Look how thick my walls are now!!


What else do I want to do? I want to some day replace a few more older windows and install masonry wood stoves in the bottom two floors for heating. But what I have already done is pretty major, and I am hoping to see the bulk of my decrease in fuel use from what has already been accomplished. Graphs will follow this winter!

What else could I do? My boiler is only 82% efficient, so that could be upgraded, although the boiler is only about 4 years old, so not worth it from a lifecycle/embodied energy analysis. The doors could be replaced with more efficient ones. I could add thermal curtains or shutters. Someday I’ll probably get serious about solar hot water. I could go build a passivhaus, and maybe someday I will!

Home electricity:

I have already replaced most of the lighting, but I still have some older fluorescent tube fixtures in the drop ceilings. When I drywall those ceilings I would like to add normal fixtures and fill them with LCD or CFL bulbs. Some lighting, such as in the hallway, could get occupancy sensors. I would like to add some daylighting improvements to reduce the need for other lighting – a solar tube in the upstairs hall and in my bathroom and downstairs living room would be nice. More south windows in the lower 2 floors with opened walls to get the light into the living rooms would be nice. Lighter colored floor covering in my living room would help.

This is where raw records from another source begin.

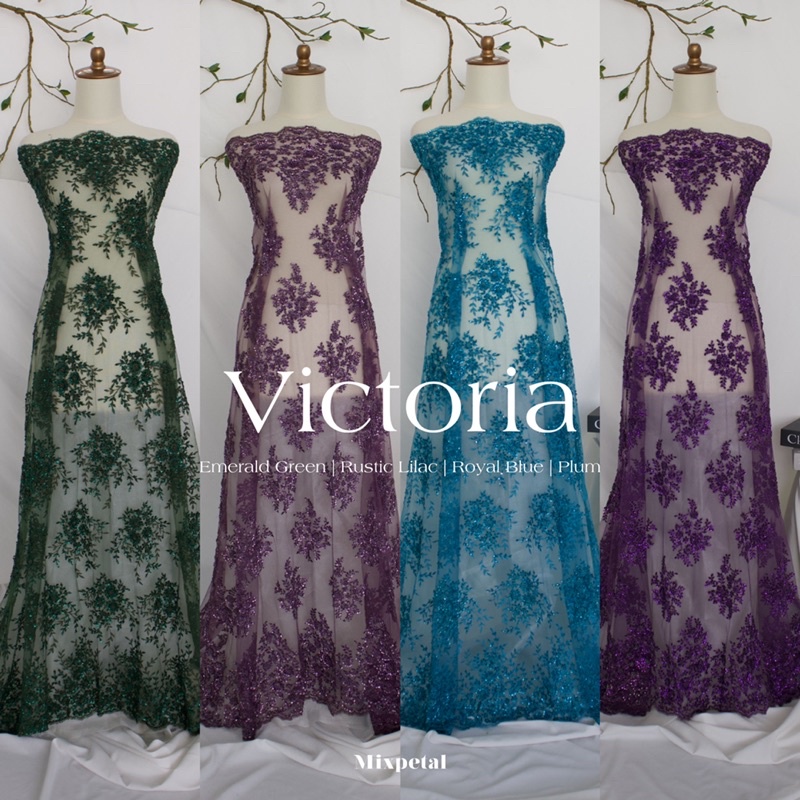 KAIN KEBAYA PESTA TILE PAYET PREMIUM VICTORIA
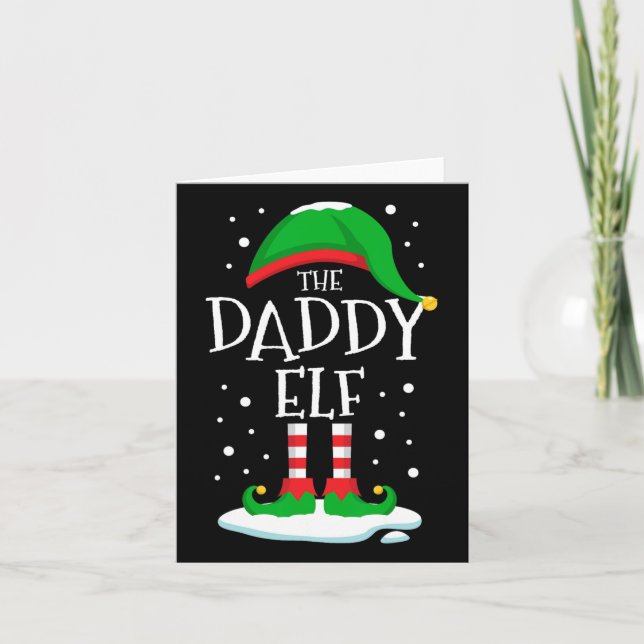 Die Weihnachtsfamilie Daddy Elf, die dem Weihnacht Karte (Vorderseite)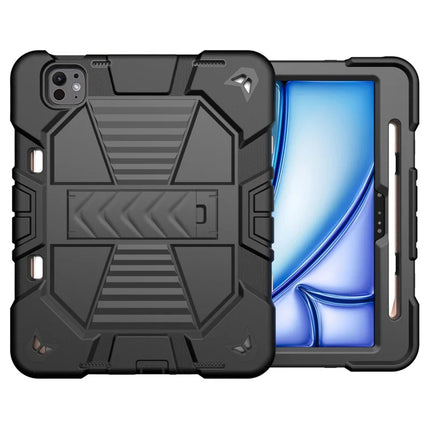 For iPad Pro 11 (2024) Tablet Case with Kickstand PC + Silicone Shockproof Protective Cover - Black
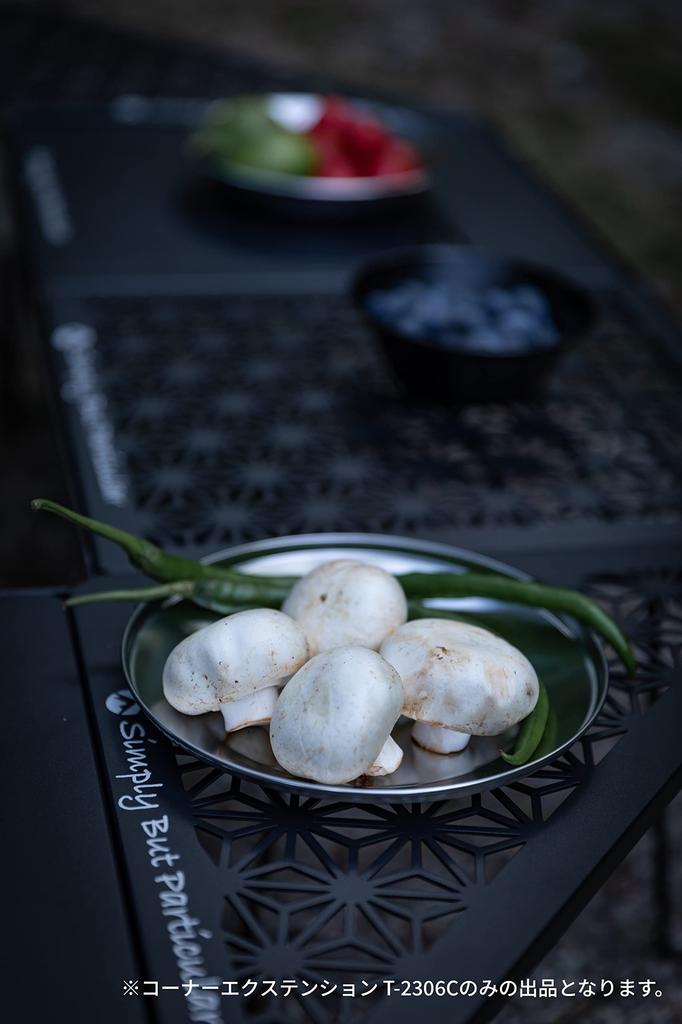 CAMPING MOON Field Rack Corner Extensions for Connecting Aluminum Tops, Set of 2, Black, Black Gear, T-2306-C-2P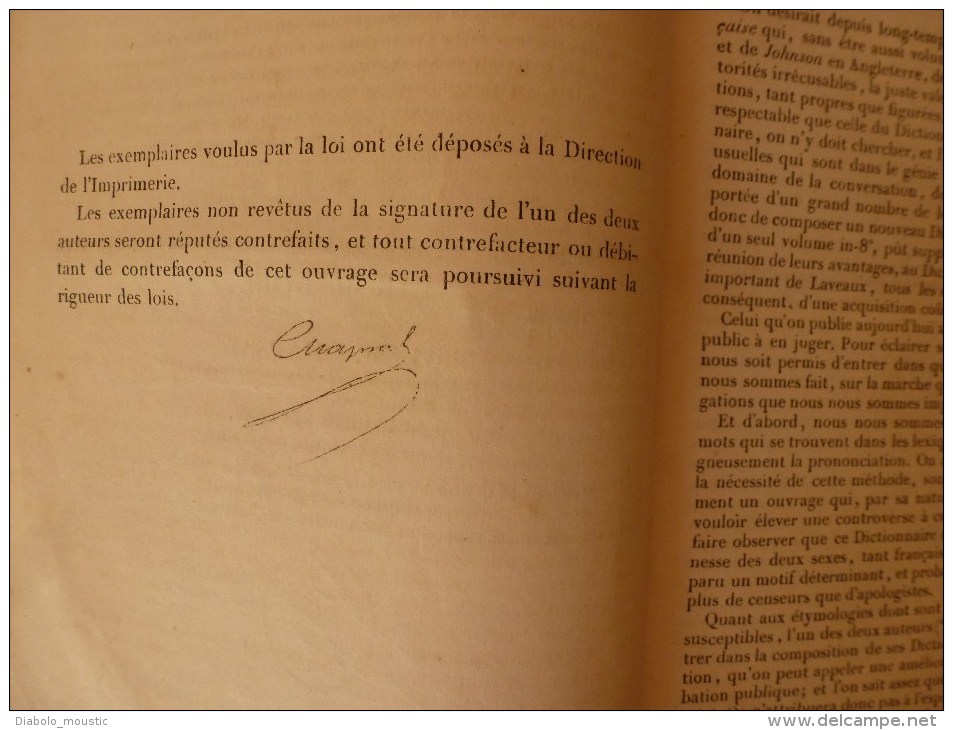 1843  NOUVEAU DICTIONNAIRE DE LA LANGUE FRANCAISE ( reliure cuir)  par M. Noël et M. Chapsal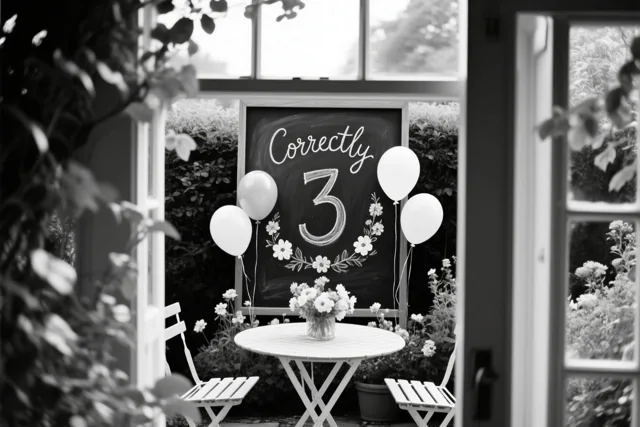 Een zwart-witfoto toont een krijtbord met het cijfer 3 en het woord 'Correctly' op een tuintafel tussen ballonnen en bloemen, omlijst door een deuropening en bladeren.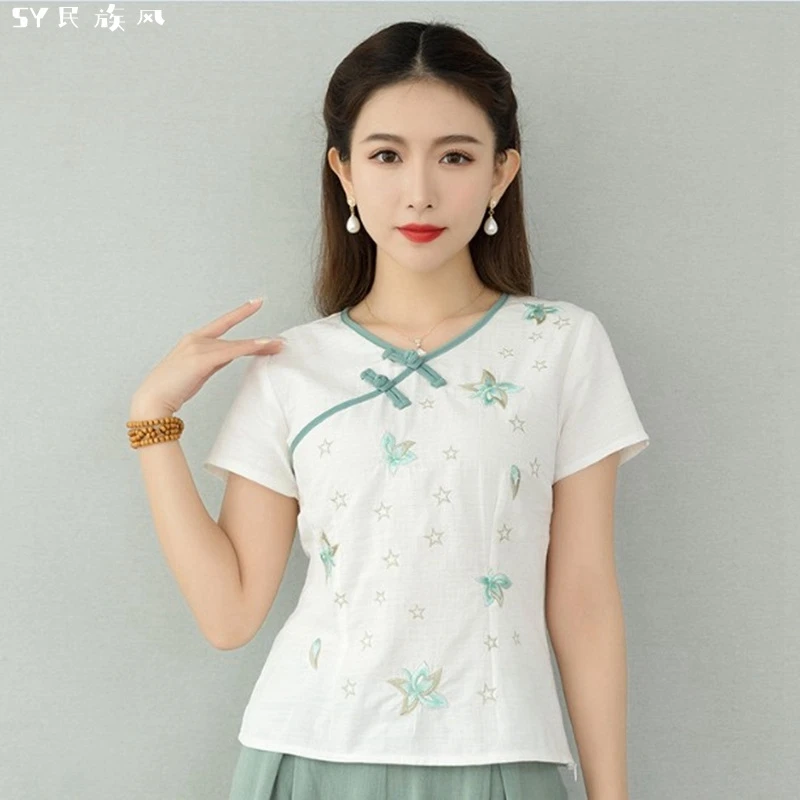 

Ethnic Style Women's Summer New Cotton And Linen Top Vintage Chinese Style V-neck Embroidered Slim Short Sleeve T-shirt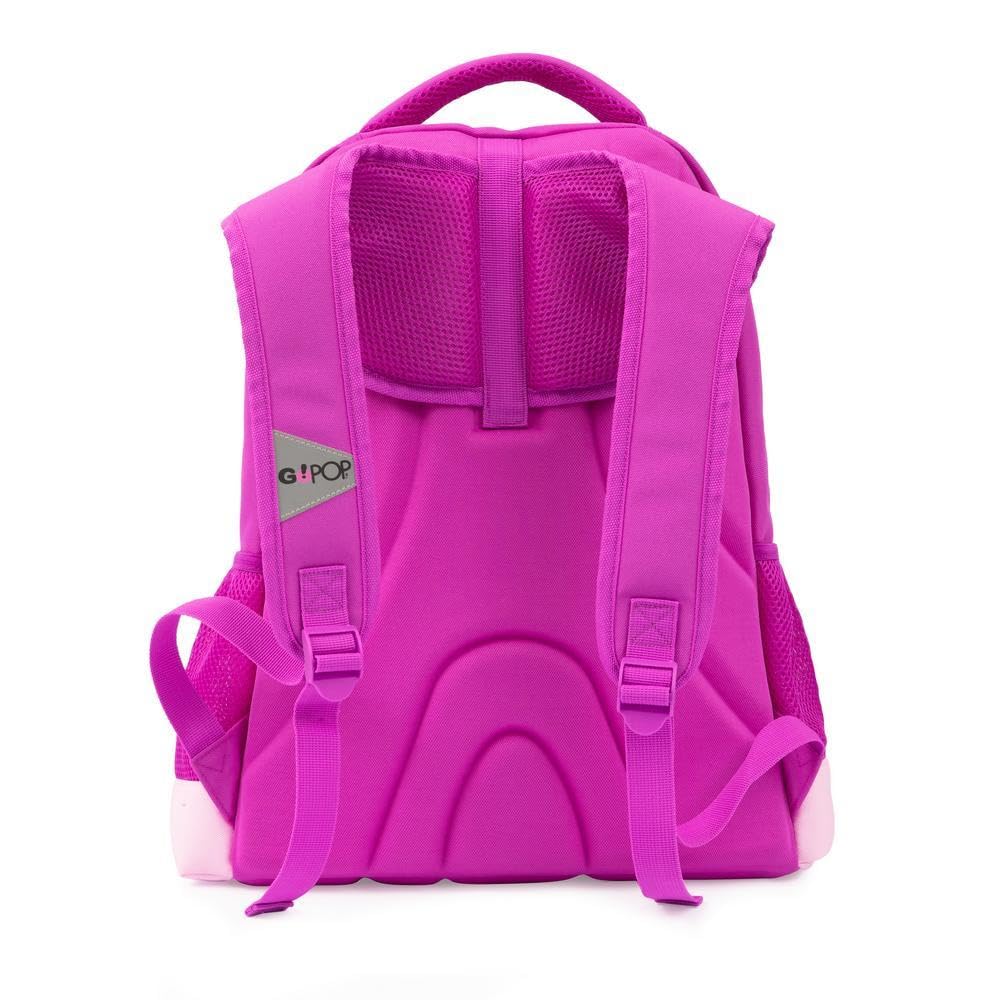 Go Pop - Zaino Modello Meowcorn, 3 Scomparti,Tasche Interne E Laterali Porta Borraccia, Schienale E Spallacci Imbottiti, Con Fascia Personalizzata E Pop Up, Lt 24, Dim 32x44x19, Scuola Elementare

Two of the four fridges in the building are old and need to be swapped out for energy star ones. Ditto the coin-op washer and dryer, and the two dishwashers in the building. Separating the electricity from one meter into one for each unit would be a good way to encourage tenant efficiency/conservations (although having only one meter right now removes my split-incentive barrier – meaning since I pay for all the electricity, it encourages me to upgrade fridges and things that short-time tenants would never touch), as would visible ‘smart meters’ inside the units.

Some folks off the grid might reasonably invest in a solar panel or two to allow a bit of lights or computer time without firing up a generator. If none of this works for you, you could always donate the whole chunk to a worthy cause or non-profit! Other things, like improving your garden space or planting fruit trees or joining a local CSA could decrease the oil that goes into shipping your food.

What am I really going to use my dividend for? Probably most directly and quickly on replacing the two energy-hog fridges, but all those things on my list will be done someday soon! What are you using yours on?